Risk prediction for type 2 diabetes mellitus (T2DM) often relies on clinical scoring systems, which may not fully capture underlying biological variation. A cohort analysis published in Diabetic Medicine evaluated whether integrating multi-omics data could improve risk stratification beyond established clinical and genetic approaches.

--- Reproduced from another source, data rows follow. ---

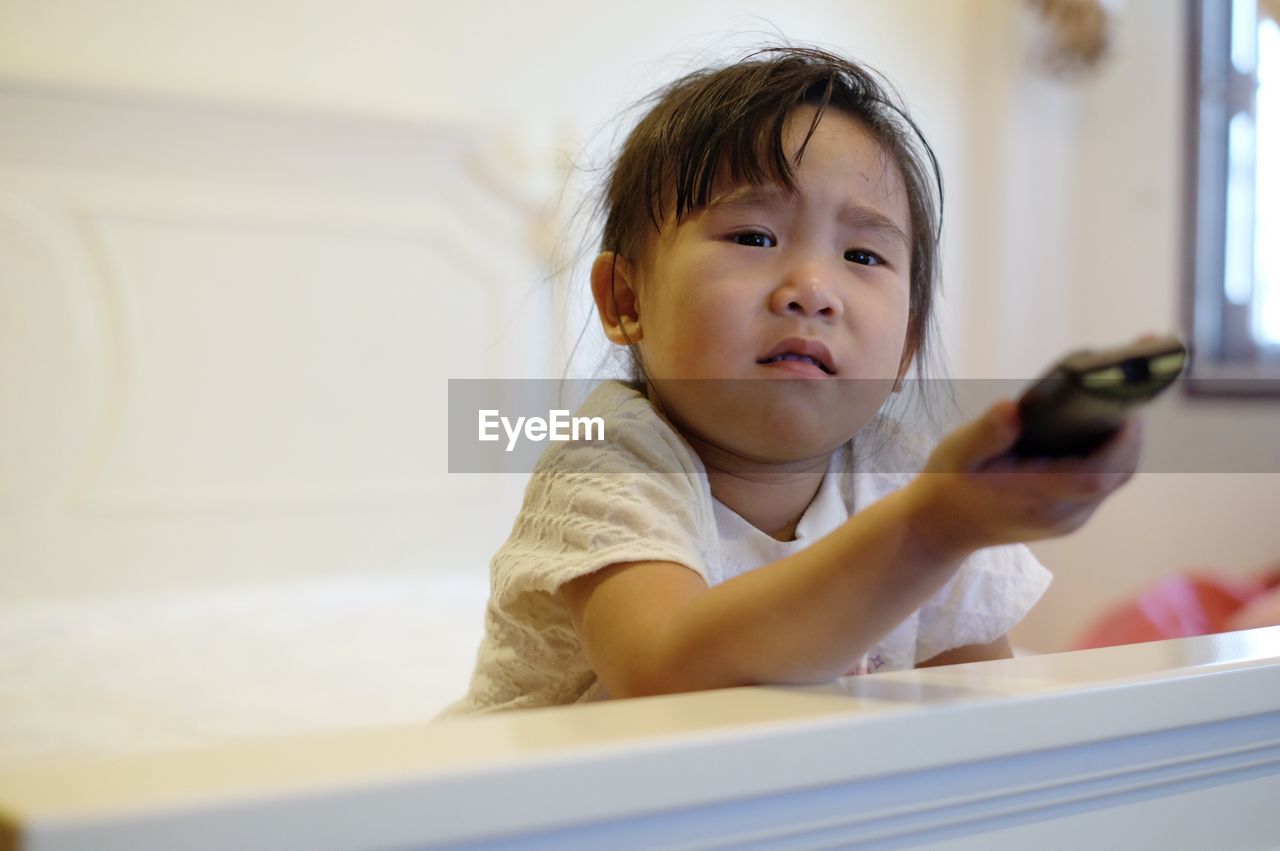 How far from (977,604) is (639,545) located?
351 mm

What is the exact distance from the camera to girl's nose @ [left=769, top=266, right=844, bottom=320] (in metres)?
0.68

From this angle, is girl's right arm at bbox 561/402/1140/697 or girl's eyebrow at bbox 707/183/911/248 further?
girl's eyebrow at bbox 707/183/911/248

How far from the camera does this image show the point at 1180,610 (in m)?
1.97

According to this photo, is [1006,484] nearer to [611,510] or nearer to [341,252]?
[611,510]

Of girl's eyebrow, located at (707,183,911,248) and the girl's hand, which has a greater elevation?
girl's eyebrow, located at (707,183,911,248)

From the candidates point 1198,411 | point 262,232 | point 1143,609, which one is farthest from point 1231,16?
point 262,232

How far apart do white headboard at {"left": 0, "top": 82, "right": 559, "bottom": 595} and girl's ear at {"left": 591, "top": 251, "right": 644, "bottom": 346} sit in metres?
0.91

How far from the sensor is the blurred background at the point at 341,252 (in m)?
1.92

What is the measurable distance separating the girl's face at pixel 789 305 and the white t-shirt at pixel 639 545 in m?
0.05

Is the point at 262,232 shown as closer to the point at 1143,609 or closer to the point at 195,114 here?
the point at 195,114

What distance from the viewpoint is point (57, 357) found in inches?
75.5

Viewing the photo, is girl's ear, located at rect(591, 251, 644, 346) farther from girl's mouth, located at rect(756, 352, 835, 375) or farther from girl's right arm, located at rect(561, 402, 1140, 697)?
girl's right arm, located at rect(561, 402, 1140, 697)

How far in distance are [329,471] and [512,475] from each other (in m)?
0.40

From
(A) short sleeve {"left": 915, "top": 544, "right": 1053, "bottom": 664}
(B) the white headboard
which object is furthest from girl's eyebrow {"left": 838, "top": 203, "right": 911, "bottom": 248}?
(B) the white headboard
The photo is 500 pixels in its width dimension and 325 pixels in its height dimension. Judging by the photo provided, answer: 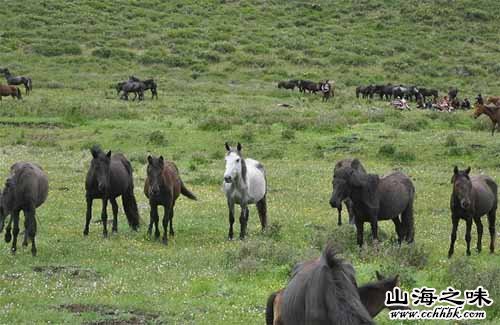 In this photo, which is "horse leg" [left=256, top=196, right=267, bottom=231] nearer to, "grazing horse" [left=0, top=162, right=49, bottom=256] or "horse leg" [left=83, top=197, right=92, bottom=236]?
"horse leg" [left=83, top=197, right=92, bottom=236]

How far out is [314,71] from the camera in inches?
2628

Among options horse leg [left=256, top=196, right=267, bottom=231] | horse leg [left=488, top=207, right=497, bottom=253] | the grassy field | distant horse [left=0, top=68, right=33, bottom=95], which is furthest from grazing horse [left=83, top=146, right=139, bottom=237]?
distant horse [left=0, top=68, right=33, bottom=95]

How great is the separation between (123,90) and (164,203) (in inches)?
1314

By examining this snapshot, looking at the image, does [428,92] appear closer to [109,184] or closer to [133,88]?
[133,88]

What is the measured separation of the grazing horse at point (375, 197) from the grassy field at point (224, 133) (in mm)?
531

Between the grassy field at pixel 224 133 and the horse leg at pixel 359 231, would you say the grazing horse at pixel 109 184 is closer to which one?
the grassy field at pixel 224 133

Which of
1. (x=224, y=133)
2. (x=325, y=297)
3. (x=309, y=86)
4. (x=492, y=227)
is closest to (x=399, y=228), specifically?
(x=492, y=227)

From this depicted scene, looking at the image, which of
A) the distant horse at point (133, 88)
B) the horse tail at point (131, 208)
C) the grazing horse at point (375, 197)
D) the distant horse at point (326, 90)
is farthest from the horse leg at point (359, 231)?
the distant horse at point (326, 90)

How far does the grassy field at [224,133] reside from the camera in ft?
42.5

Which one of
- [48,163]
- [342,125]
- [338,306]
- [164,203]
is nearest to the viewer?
[338,306]

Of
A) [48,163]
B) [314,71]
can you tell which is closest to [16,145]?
[48,163]

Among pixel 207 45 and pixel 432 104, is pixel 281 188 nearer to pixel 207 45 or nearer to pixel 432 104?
pixel 432 104

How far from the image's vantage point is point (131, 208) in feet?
61.2

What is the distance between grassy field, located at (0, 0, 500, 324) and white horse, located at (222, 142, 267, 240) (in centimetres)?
68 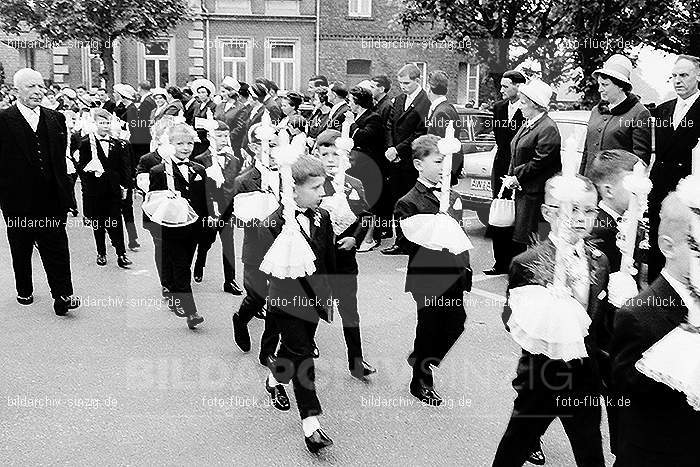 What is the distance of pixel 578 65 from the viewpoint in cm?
1261

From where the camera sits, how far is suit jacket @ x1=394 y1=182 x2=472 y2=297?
4336 millimetres

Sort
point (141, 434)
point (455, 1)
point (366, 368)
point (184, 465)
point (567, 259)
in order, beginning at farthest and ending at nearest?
point (455, 1) → point (366, 368) → point (141, 434) → point (184, 465) → point (567, 259)

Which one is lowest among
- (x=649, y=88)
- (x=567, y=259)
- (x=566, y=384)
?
(x=566, y=384)

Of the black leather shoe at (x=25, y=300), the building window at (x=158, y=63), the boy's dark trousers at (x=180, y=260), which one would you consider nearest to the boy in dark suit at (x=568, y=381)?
the boy's dark trousers at (x=180, y=260)

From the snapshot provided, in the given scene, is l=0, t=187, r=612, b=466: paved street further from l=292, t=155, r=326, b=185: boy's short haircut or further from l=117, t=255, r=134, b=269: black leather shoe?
l=292, t=155, r=326, b=185: boy's short haircut

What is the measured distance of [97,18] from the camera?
19.8 meters

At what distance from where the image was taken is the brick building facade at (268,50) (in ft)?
88.5

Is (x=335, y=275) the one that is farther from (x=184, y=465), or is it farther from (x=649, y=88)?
(x=649, y=88)

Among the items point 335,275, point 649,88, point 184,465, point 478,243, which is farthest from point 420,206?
point 649,88

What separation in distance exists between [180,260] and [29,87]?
6.42 ft

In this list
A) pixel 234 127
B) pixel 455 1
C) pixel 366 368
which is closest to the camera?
pixel 366 368

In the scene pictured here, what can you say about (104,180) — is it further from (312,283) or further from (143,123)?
(143,123)

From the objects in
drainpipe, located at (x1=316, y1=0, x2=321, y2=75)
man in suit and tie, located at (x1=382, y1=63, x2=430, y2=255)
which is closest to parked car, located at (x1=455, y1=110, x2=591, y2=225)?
man in suit and tie, located at (x1=382, y1=63, x2=430, y2=255)

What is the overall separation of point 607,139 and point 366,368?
118 inches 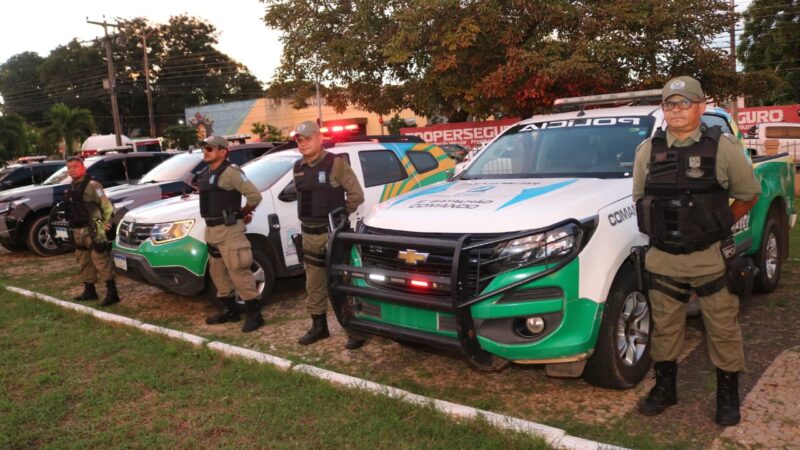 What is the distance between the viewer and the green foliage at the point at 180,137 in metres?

The study used UK Biobank data and included 21,312 participants, among whom 893 developed incident T2DM. Ridge Cox regression models were constructed using clinical risk factors based on the Finnish Diabetes Risk Score (CliS), plasma metabolomics (MetS), proteomics (ProS), and a polygenic risk score (PRS). Model performance was assessed using the C-index and net reclassification improvement (NRI). External validation of protein markers was conducted in the Liyang Cohort (n=10,056).

Among individual models, ProS showed the highest predictive performance with a C-index of 0.80. The combined multi-omics score (ComS) achieved the strongest discrimination with a C-index of 0.84, compared with 0.76 for CliS, and showed significant improvement in classification (NRI 0.328; p<0.001). The ComS reclassified 73 additional T2DM cases per 1000 individuals without increasing false positives. Kaplan-Meier analysis demonstrated improved risk separation. Both MetS and ProS identified high-risk individuals not captured by CliS. In validation, plasma fibroblast growth factor 23 levels were higher in T2DM cases.

Current screening approaches rely largely on clinical risk scores. These findings indicate that integrating multi-omics data may improve early identification of individuals at higher risk for T2DM and support more tailored screening strategies.